Hacking Press Releases Generates $100 million of Illegal Profit
More than 150,000 press releases from Business Wire, Marketwired and PR Newswire were stolen by two men to make more than $100 million profit by trading in these PRs with other companies.
Two men were found guilty in this hacking press releases case. One was a 53-year-old man from Glen Mills, Pennsylvania, named Korchevsky, and the other was Khalupsky, aged 48, living in Ukraine. They both are said to have hired hackers to hack into unreleased press releases from very well known sites so they could be sold to other companies.
The two convicts had made huge profits by selling the PRs stolen from some well-known companies including Home Depot Inc., Advanced Micro Devices Inc., Caterpillar Inc, Panera Bread Co., Qualcomm Inc., and Weight Watchers International Inc.
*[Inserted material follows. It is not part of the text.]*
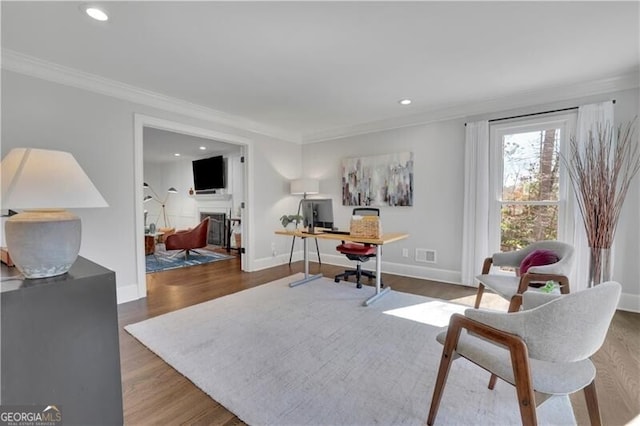 office featuring crown molding, a fireplace, and wood finished floors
It’s not yet mentioned by the jury if they hacked into the above-mentioned press releases before beginning to trade in them but investigation sure lead to the fact that they hired hackers and gave them “shopping lists” of all the companies whom they wanted to hack and get their press releases.
It is believed that the hackers have been running this scam for years, and have made around $100 million by doing so. Whilst it might seem like a huge amount, it is plausible since press releases are hugely in demand and each can be sold for a few thousand dollars.
According to the US authorities, this is so far the biggest hack of its kind. With the proceedings occurring in the US, it is hoped that the culprits will be punished severely and more people behind the attack will also be caught. A total of 10 men were named in this case, including hackers and planners.
Hide-N-Seek Botnet Now Targeting IoT Devices
HNS (Hide-N-Seek), a Botnet discovered earlier this year, has now started infecting Internet of Things devices. It is also known to target cross-platform database solutions. The latest version seems to have made significant improvements, one such example would seem it is capable of surviving device reboots.
The research team at Netlab and Qihoo 360 said that the HNS has started expanding beyond the scope of routers and DVRs and is currently operating to exploit database systems too
The Botnet can utilize the following exploits:
- TP-Link-Routers RCE
- Netgear RCE
- (new) AVTECH RCE
- (new) CISCO Linksys Router RCE
- (new) JAW/1.0 RCE
- (new) OrientDB RCE
- (new) CouchDB RCE
The HNS botnet utilizes greater processing power than before since it now scans the following ports for potential exploitation:
- 23 Telnet
- 80 HTTP Web Service
- 2480 OrientDB
- 5984 CouchDB
- 8080 HTTP Web Service
It has also been known to scan for other random ports.
HNS is easy to spot since it is the second most prevalent botnet after Hajime. Most of these botnets are trying to infect OrientDB servers. In particular, with the added support of OrientDB and CouchDB database servers, HNS is no longer just an IoT botnet, but a cross-platform botnet now.